I’m sure many Hitchcock fans already have their hands on some iteration of Psycho, but if you’re absolutely psycho about Psycho, this release is pretty poor in the features department. For a fiftieth anniversary edition, you’d think Universal would put more effort into making the whole package a bit more special, but if you can get your hands on this Steelbook, do so. However, for those that just want to watch the movie, pick any version of this up, it’s amazing. The image is beautiful, the story great, and Anthony Perkins deserves another mention for his fantastic and pitch-perfect performance. Four skulls.

Halloween II (2009) [Unrated Director’s Cut]


As anyone who has read my review of Rob Zombie’s Halloween, you might know that I was immediately open to it and generally liked it basically because it was different. It wasn’t a shot-for-shot remake, but it was also a bit messy.

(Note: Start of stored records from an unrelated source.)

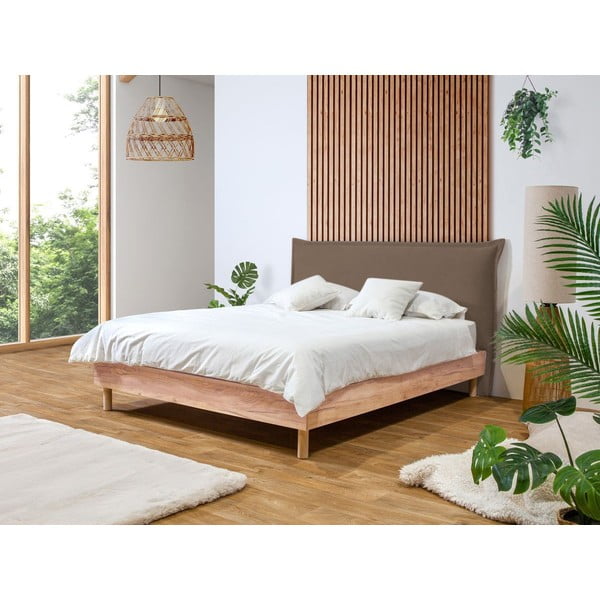 Hnedá/prírodná dvojlôžková posteľ s roštom 180x200 cm Charlie – Bobochic Paris-image-1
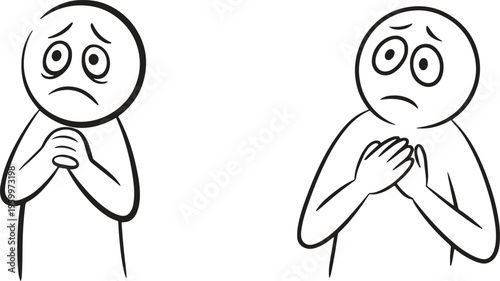 Two worried stick figures with clasped hands express anxiety and concern.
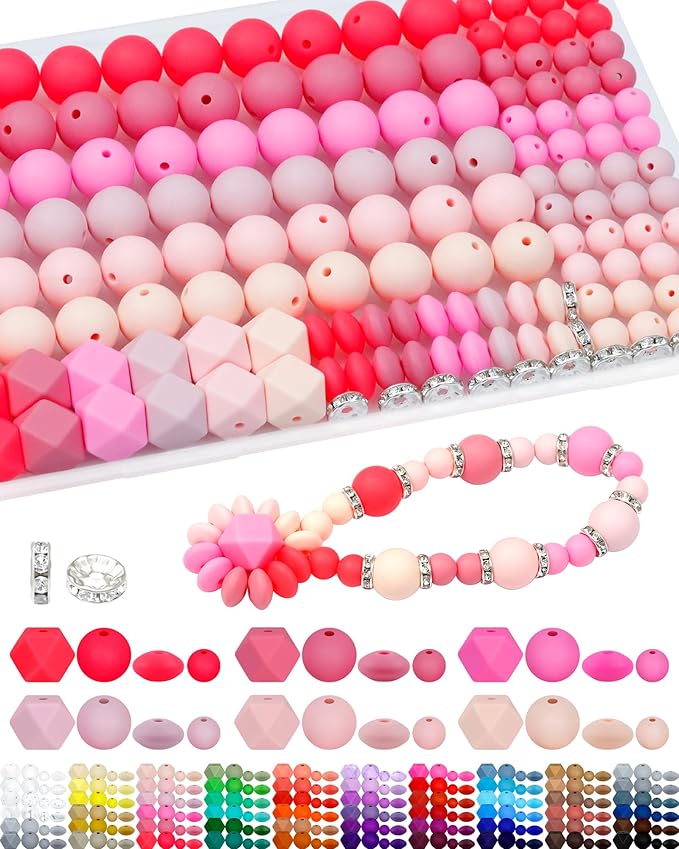 172PCS FIVEIZERO Silicone Beads for Keychain Making, 6 Mixed Colors Silicone Focal Beads Kit, 9mm & 15mm Round Lentil Hexagon Bead & Rhinestone Spacer Bead for Jewelry Making & Bracelets (Pink)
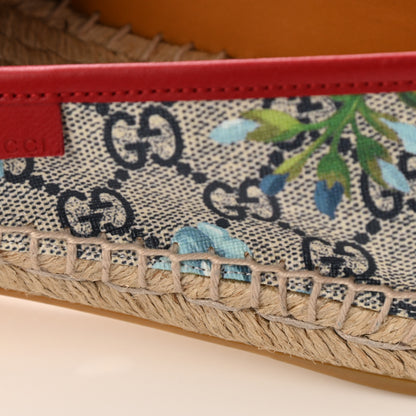 Gucci GG Supreme Monogram Blooms Espadrilles 36 Beige Blue Navy Hibiscus Red 11 of 11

The first half was certainly very good; Zombie’s chronicling of Michael Myers’ life stuck in institution was well explored ground and written very well, but then the second half feels like a push-pull between something like Gus Van Sant’s shot-for-shot remake of Psycho to Zombie’s interpretation of the original material, which is where the first film fell a bit flat. However, with the “Unrated Director’s Cut” of Halloween II, Zombie goes in a different direction yet again, and it feels like Zombie’s finally made Halloween his own.

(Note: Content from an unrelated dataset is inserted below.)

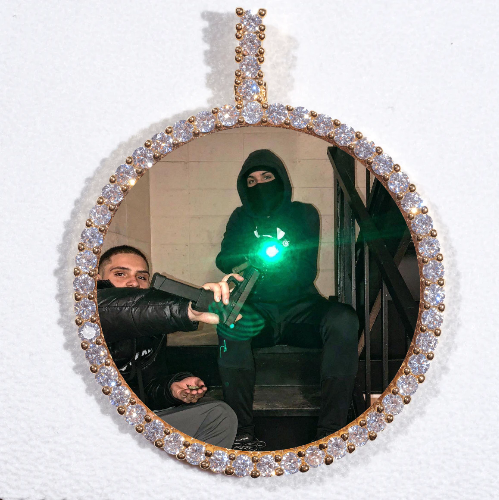 LARGE 3D CIRCLE CUSTOM PICTURE PENDANT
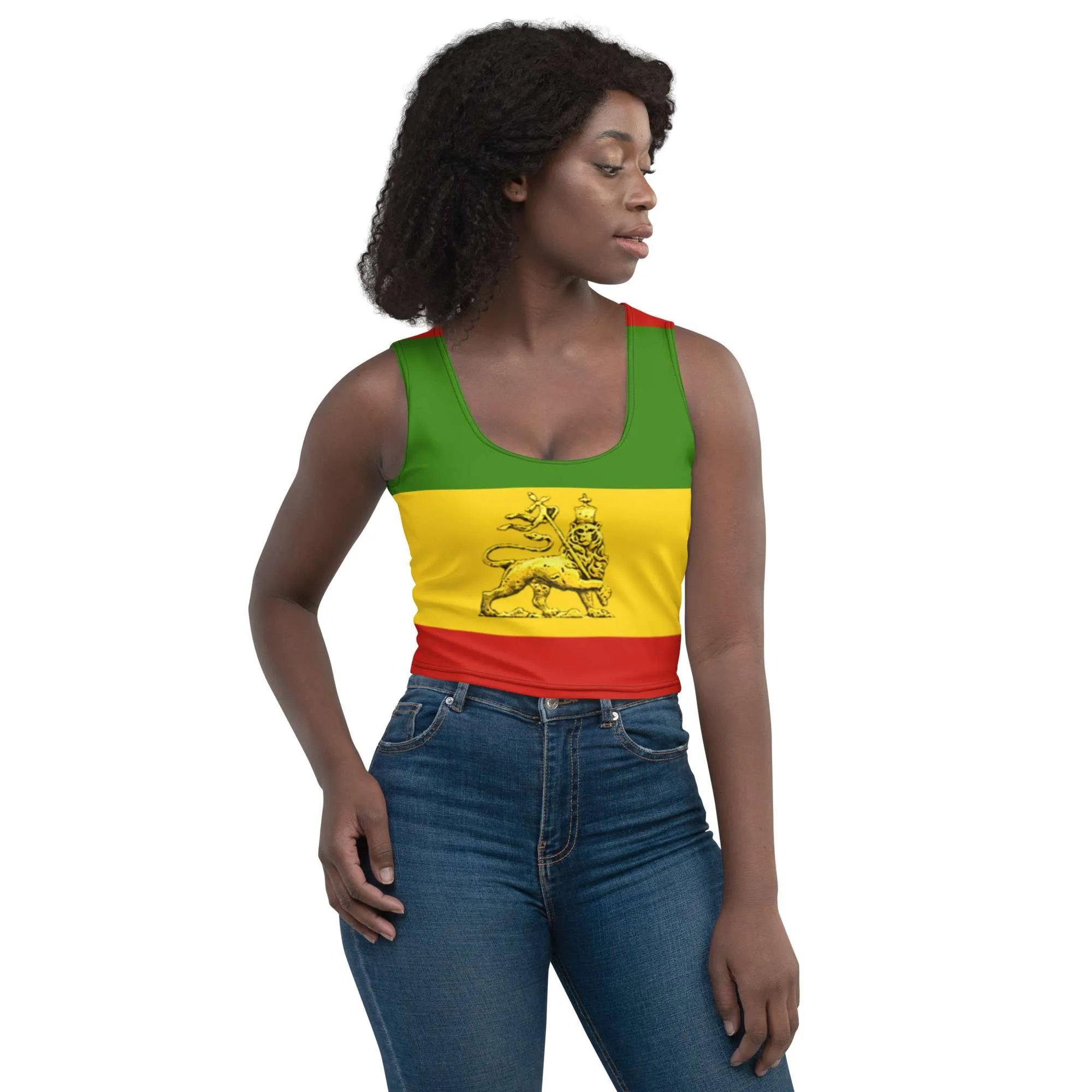 Conquering Lion of Judah Crop Top female model front view in red gold and green four way stretch comfortable microfibre fabric. Rastaseed Rastafarian merchandise.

It’s been two years since the psychotic events of October 31st in Haddonfield, Illinois, and Laurie Strode is a mess. She’s living with Annie Brackett, who used to be her best friend, but animosity has grown since the Halloween incident. She’s having bizarre visions and a revelation in the new tell-all book by Samuel Loomis catapults her into events that will finally bring a close to the Michael Myers’ rampage.

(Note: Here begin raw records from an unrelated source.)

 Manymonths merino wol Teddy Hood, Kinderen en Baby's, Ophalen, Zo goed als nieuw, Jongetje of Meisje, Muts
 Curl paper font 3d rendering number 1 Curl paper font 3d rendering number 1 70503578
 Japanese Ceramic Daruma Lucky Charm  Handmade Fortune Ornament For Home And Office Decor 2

From the get-go, this isn’t your typical horror film. It doesn’t even seem like a horror film. Sure, there are deaths, stabbings, and freaky visions, but it plays out more like a drama that used horror as its basis. It’s one of the smartest moves ever made in a horror sequel. Rob Zombie is the thinking horror fan’s director, he won’t do a retreading of material, he won’t rehash ideas, he’ll keep going in different directions, and I never cease being interested in what he has to say within his films.

Scout-Taylor Compton provides a fantastic performance as Laurie Strode and really makes Strode her own; the scenes involving Strode and Margot Kidder’s psychiatrist are of a particular note, showing Strode spiralling out of control and Kidder’s psychiatrist trying to work out how to help this poor girl.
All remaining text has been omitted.